There are several things wrong with this assumption and just to save time I’d like to address them.
Some people think by saying that giving the art to them free would be good exposure for me, makes it all better. Please. That’s like going into a grocery store and saying “Give me this meat, it will be great exposure for your store.” Right. Like that’s going to happen. They would literally call the cops and take you away for shoplifting. So why would people think that it’s okay to say that to an artist? I have to ask ya. If an artist is going to GIVE you something, it’s because it is their idea and they want to do it. They would say so upfront. I have found projects I thought worthy and writer-friends I found so helpful that I just don’t mind giving away my time and sweat-filled effort. But I usually lay out the parameters to them upfront, letting them know I don’t expect anything back for my work.
You might not make it to the top, but if you are doing what you love, there is much more happiness there than being rich or famous.— Tony Hawk
Make An Offer
It would be better for artists and more ethical for the writers to just offer the illustrator a small pittance for the work, such at $300 to $500 for a body of work amounting to a book cover and 28 color interior illustrations. For a friend, we would be willing, most of us, to work for that. Then the art belongs to you, to do with, as you will.
You will never win if you never begin.— Helen Rowland
If you have reproduction in mind for the work and don’t tell the artist about it, it really is the same as fraud. Don’t go to an artist and say you want a couple of illustrations to use in a classroom project and pay them a few dollars when in truth you are going to reprint the final product and SELL it to the students, class after class. Being forthright is better than having an artist/friend with hard feelings about how you handled a transaction.

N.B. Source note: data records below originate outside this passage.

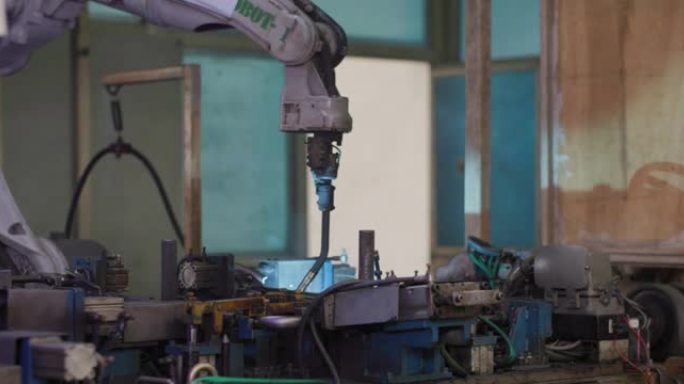 现代焊接自动化机器在生产工厂车间焊接带有明亮火花的金属。智能工业机器人手臂数字化工厂技术现代化。物联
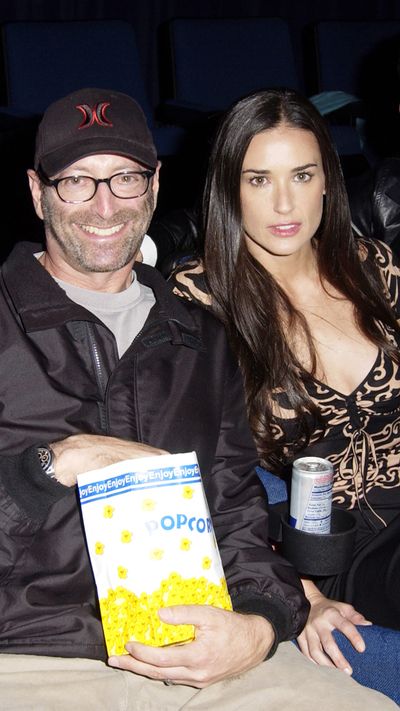 Herb Ritts with Demi Moore and Guy Oseary during Swept Away screening in LA, 2002.
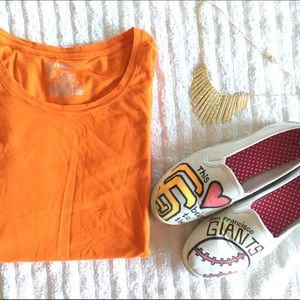 Orange long sleeve top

I have been paid a small price to do illustrations for people only to find they are printing and selling them in bulk and I will never make another penny from them. Once I created five original line art (black and white) illustrations for an economics instructor who had an ongoing class on cooking, meal planning, and budgeting. She used my illustrations for a meal-planning calendar for her class. She would print the calendars in bulk and sell them to the class at a profit. Every class she taught, she made a profit. But she paid me a flat fee of $20. My problem was that I didn’t realize she would be mass-producing them. If I had known I would have quoted her a much higher price, knowing I would receive no royalties from her sales. When I asked her about it, she informed me that she has already paid me and I agreed to work for that. Lesson learned.
All our dreams can come true if we have the courage to pursue them.— Walt Disney
These experiences have taught me many things but mostly to honor my own time and craft. If I want to appear professional I need to charge like I am a professional. If I wanted to appear amateur I would not mind working for nothing, but then the consumer would get exactly what they pay for, less quality work, amateurish. I refuse to let my work go for nothing anymore. I am worth more and won’t part with it without more. If I die sitting on a house full of paintings that are suddenly worth a lot of money, I would much rather my family got the money!
Worthy Of Respect
Artists unite! We are worthy of our wages and working for nothing is just not an option. It reminds me of a story about James McNeill Whistler (yes, the one who painted his mother), who sued John Ruskin, the art critic, for libel. Ruskin had published in the newspaper that the latest painting by Whistler was so bad that he should be ashamed for charging such a price to the English public for throwing paint at the canvas. (That of course, was before throwing paint on the canvas was popular). He said many more rude things in his published critique but that was enough. Whistler sued him; the first time ever an artist had the nerve to sue an art critic. The trial lasted weeks and was widely attended.
Ruskin’s defense attorney asked Whistler on the stand, how much time it took him to paint the painting in question. He said two days. Then the attorney asked how much he was charging for the painting, to which Whistler answered, 200 pounds. “So,” the attorney thought he had him, “what you are saying is that you are charging the English public 200 pounds for just 2 days work.” But Whistler was no fool. “No,” he replied. “I am charging the English public 200 pounds for a lifetime of experience in art.” That is a good answer. We all need to remember, we are not charging the public for one piece but for the lifetime of struggle and study, patience and practice that brought you up to this one piece. Never forget that.
Though we travel the world over to find the beautiful, we must carry it with us or we find it not.— Ralph Waldo Emerson
Whistler Won… And Lost
By the way, Whistler won the case. The judge found Ruskin indeed, guilty of libel but he decided not to award the 1,000 pounds Whistler was asking for in the suit. The judge awarded Whistler one farthing! That’s like winning and loosing all at the same time. I would be so insulted… and so was Whistler.